# Task prompt
Write out all of the records below precisely as given, omitting the images.

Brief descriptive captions
####

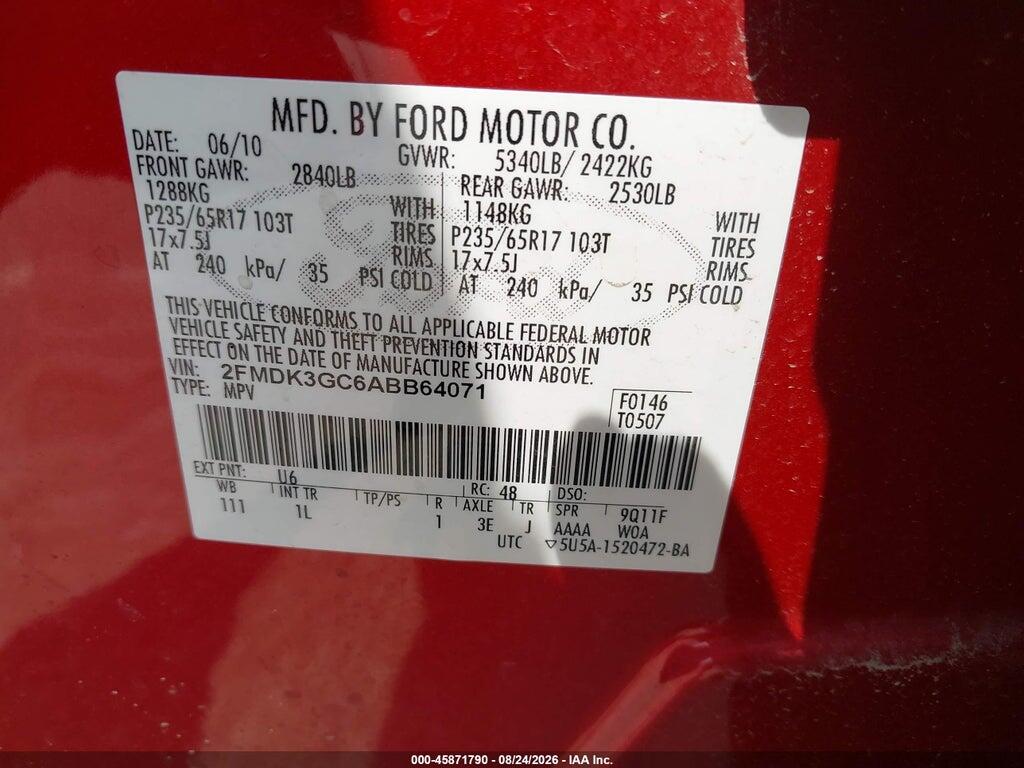 2FMDK3GC6ABB64071 2010 FORD EDGE photo no. 9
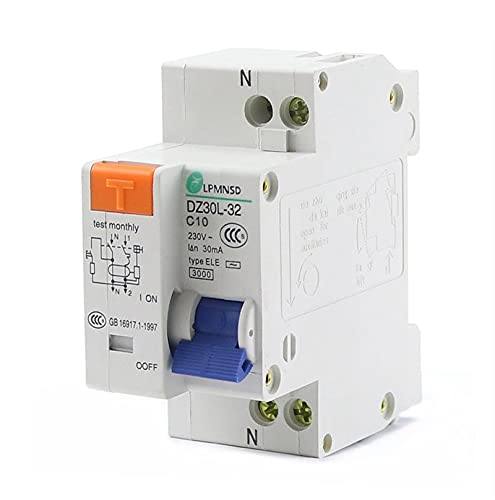 DZ30L-32 1P + N Mini disyuntor 230V dispositivo de fuga disyuntor Riel DIN instalar 10A 16A 20A 25A 32A Interruptores selectores (Size : 10A)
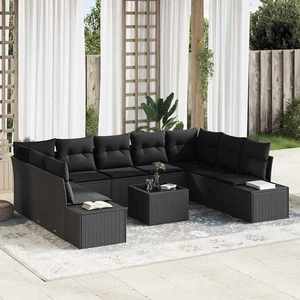 vidaXL Set de canapele pentru grădină 10 pcs Negru 289 x 209 x 85 cm imagine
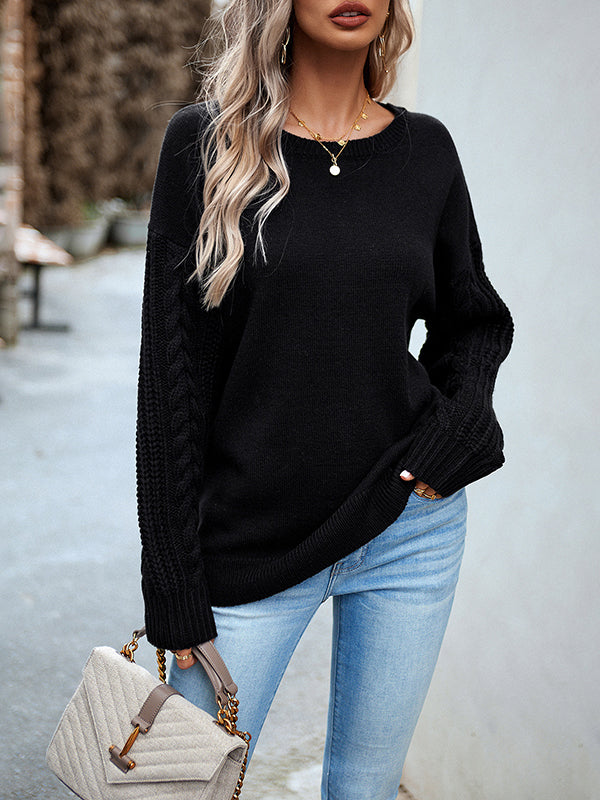 Solid Color Long Sleeves Loose Round-Neck Sweater Pullovers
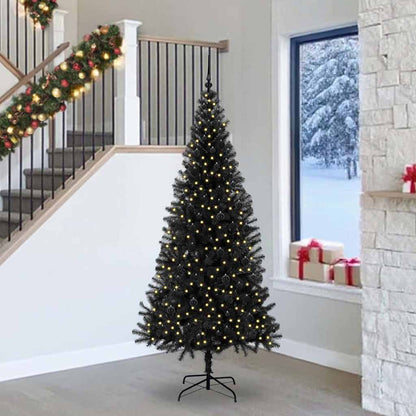 vidaXL Weihnachtsbaum mit 300 LEDs mit Ständer Schwarz 240 cm PVC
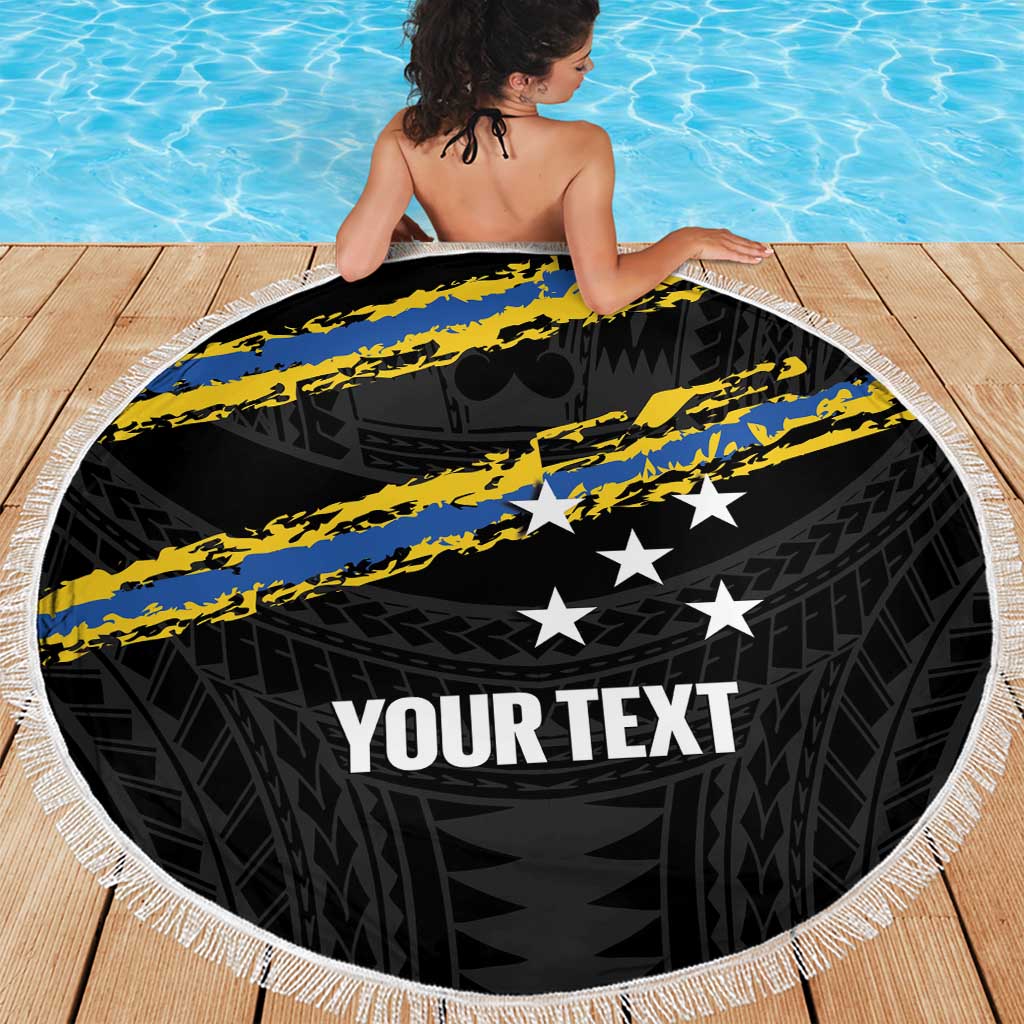 Kings Solomon Islands Football Custom Beach Blanket Come On Solomons Polynesian Grunge Style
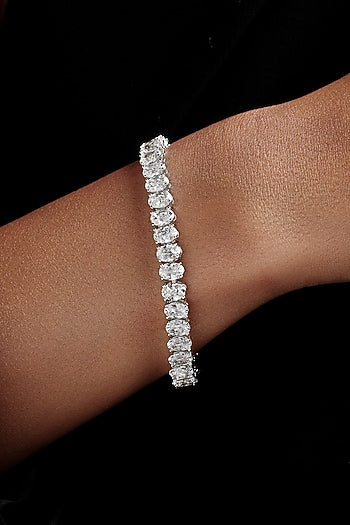 White Rhodium Finish Oval-Shaped Cubic Zirconia Crystal Tennis Bracelet In Sterling Silver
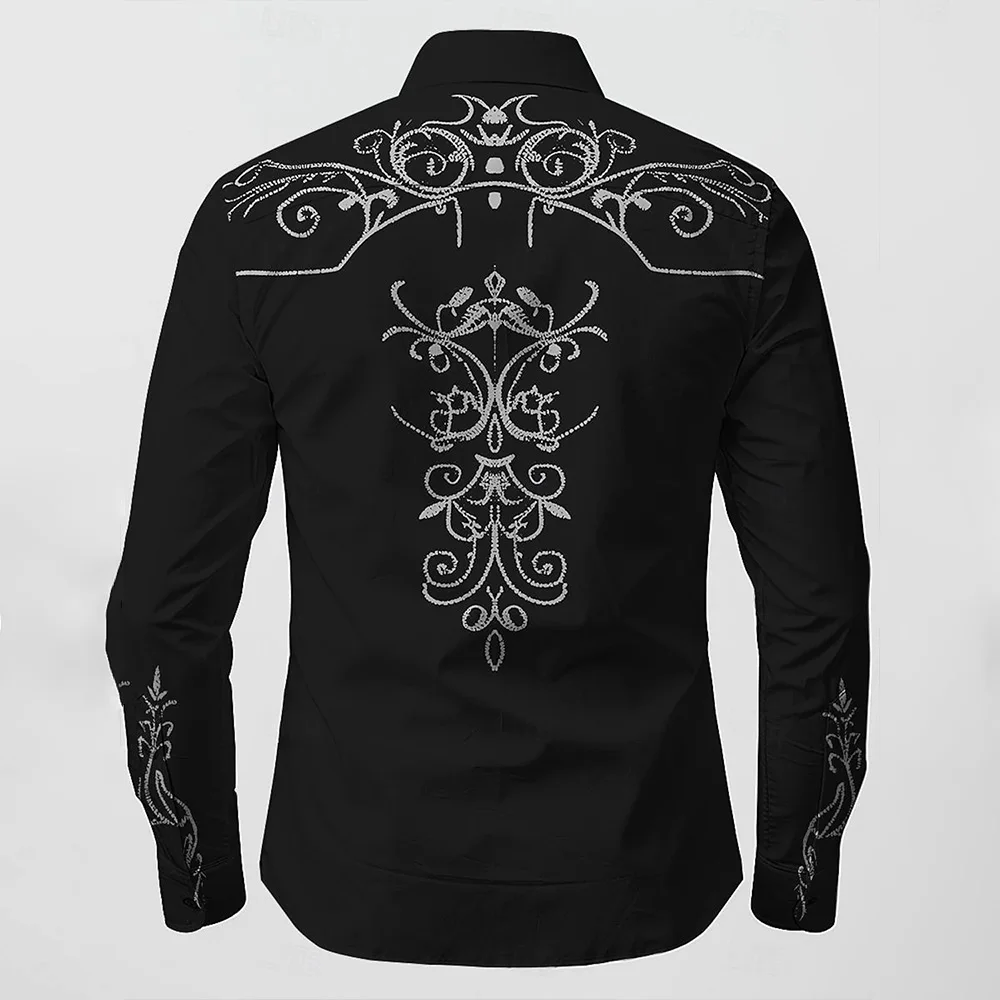 Denim Shirt Men's Shirt Yellowstone Western Denim Shirt Elegant aristocratic vintage men lapel button top Stylish casual long-sleeved shirt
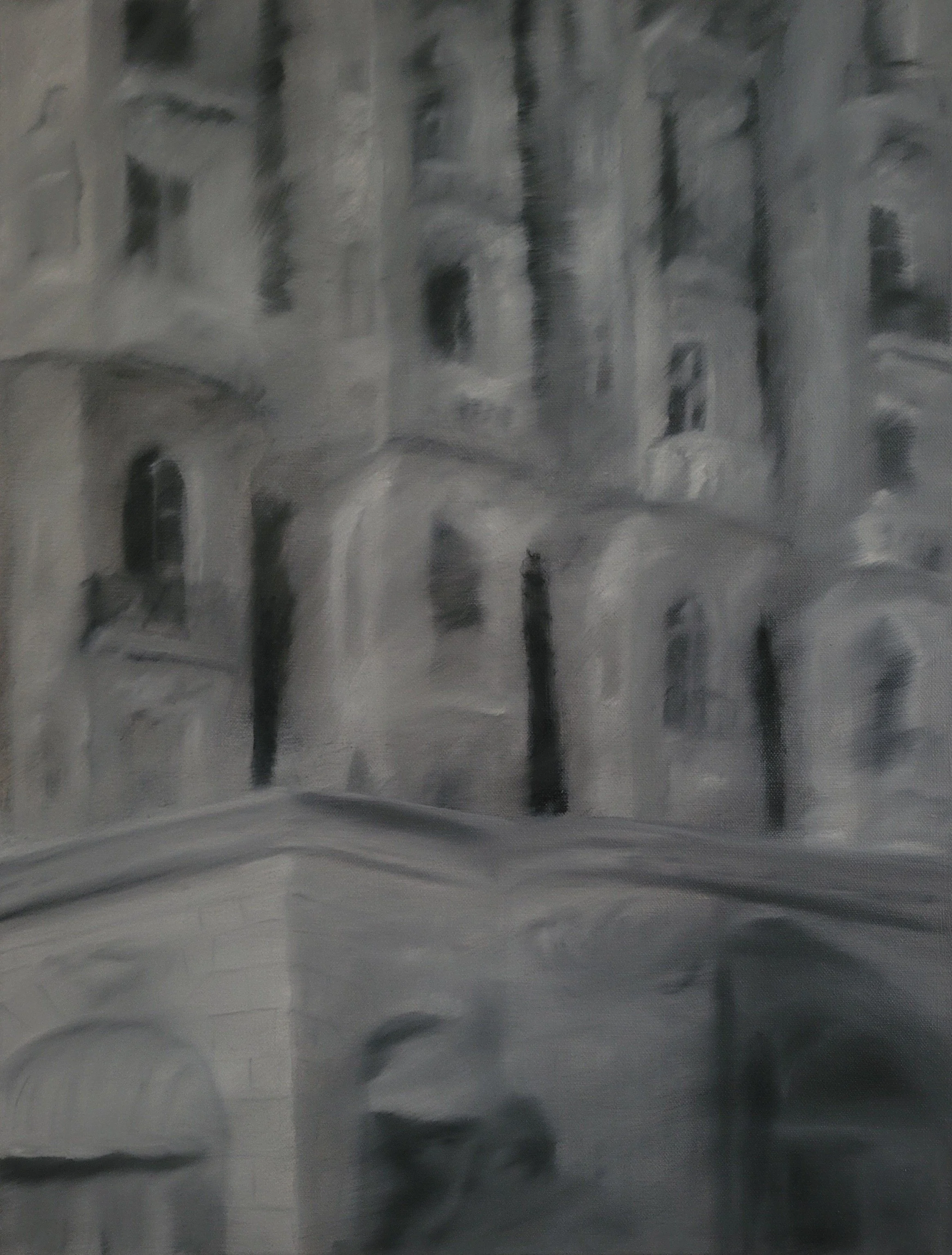 Haus in Cannes (Apartment Building in Cannes). Oil on Canvas, 65 x 50,5 cm. 2025.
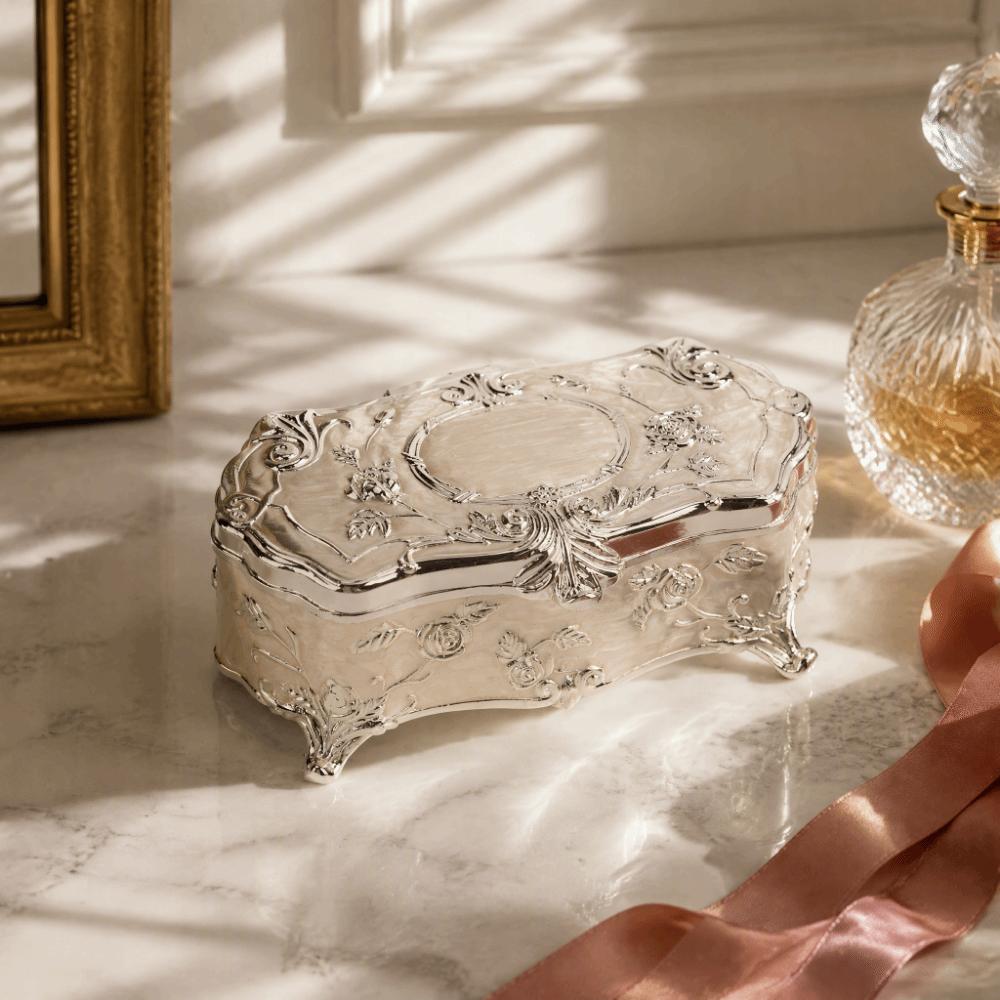 Embossed Jewelry Box Silver-White Trinket Box New Metal Storage Box  Dining Table Storage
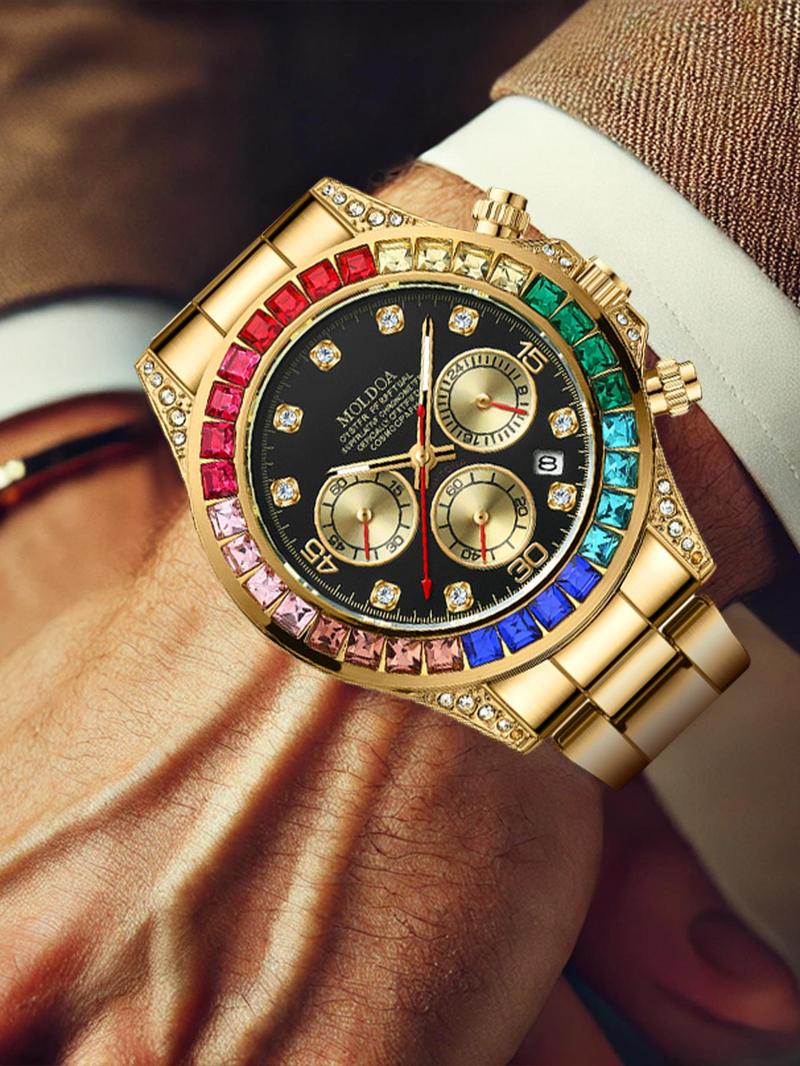 Men's Business Fashion Round Dial Analog Quartz Watch, Business Fashion Watches, Fashion Watch for Party, Daily Clothing Decor, Trendy All-match & Exquisite Watch for Birthday Gift with Box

####

# Reply to the exercise
 2FMDK3GC6ABB64071 2010 FORD EDGE photo no. 9
 DZ30L-32 1P + N Mini disyuntor 230V dispositivo de fuga disyuntor Riel DIN instalar 10A 16A 20A 25A 32A Interruptores selectores (Size : 10A)
 vidaXL Set de canapele pentru grădină 10 pcs Negru 289 x 209 x 85 cm imagine
 Solid Color Long Sleeves Loose Round-Neck Sweater Pullovers
 vidaXL Weihnachtsbaum mit 300 LEDs mit Ständer Schwarz 240 cm PVC
 Kings Solomon Islands Football Custom Beach Blanket Come On Solomons Polynesian Grunge Style
 White Rhodium Finish Oval-Shaped Cubic Zirconia Crystal Tennis Bracelet In Sterling Silver
 Denim Shirt Men's Shirt Yellowstone Western Denim Shirt Elegant aristocratic vintage men lapel button top Stylish casual long-sleeved shirt
 Haus in Cannes (Apartment Building in Cannes). Oil on Canvas, 65 x 50,5 cm. 2025.
 Embossed Jewelry Box Silver-White Trinket Box New Metal Storage Box  Dining Table Storage
 Men's Business Fashion Round Dial Analog Quartz Watch, Business Fashion Watches, Fashion Watch for Party, Daily Clothing Decor, Trendy All-match & Exquisite Watch for Birthday Gift with Box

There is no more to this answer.